- Try it: Verbatim output of the lines below is required, with the images omitted.

- Data extract:

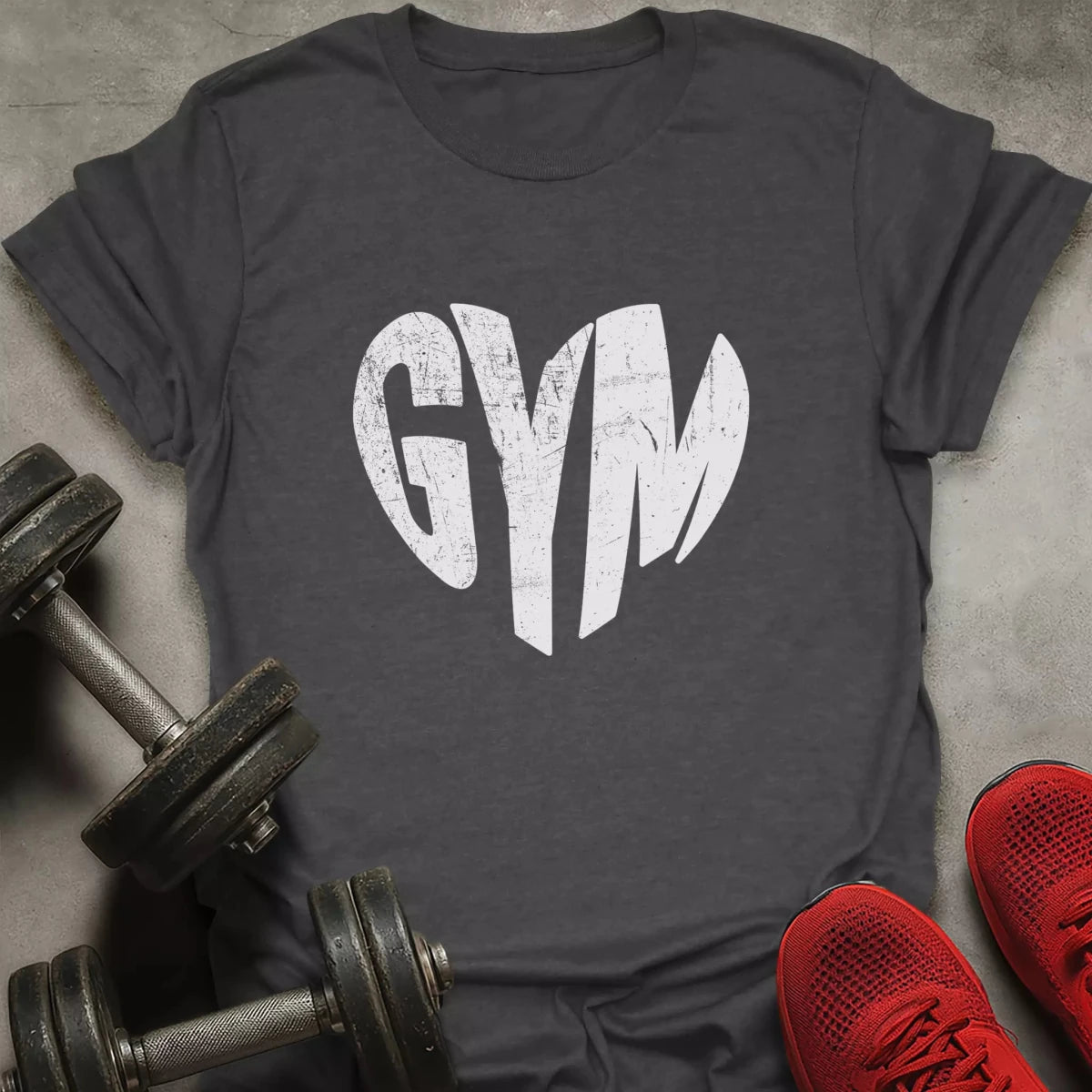 Gym Love T-Shirt - AstraLifts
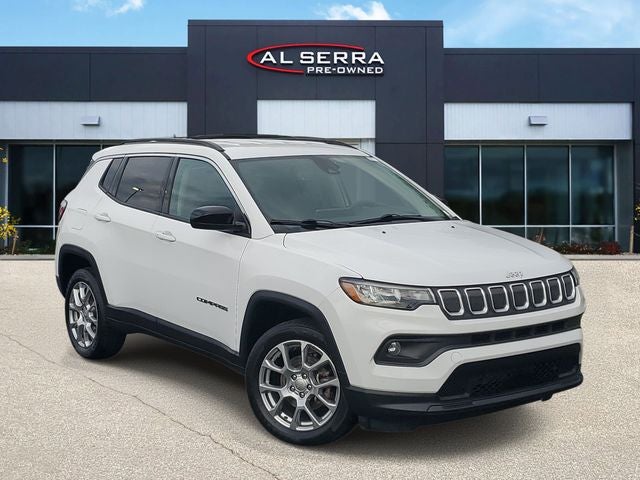 2022 Jeep Compass Latitude Lux
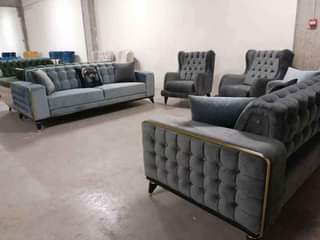 A picture of Sofa set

- Solution for this task:
 Gym Love T-Shirt - AstraLifts
 2022 Jeep Compass Latitude Lux
 A picture of Sofa set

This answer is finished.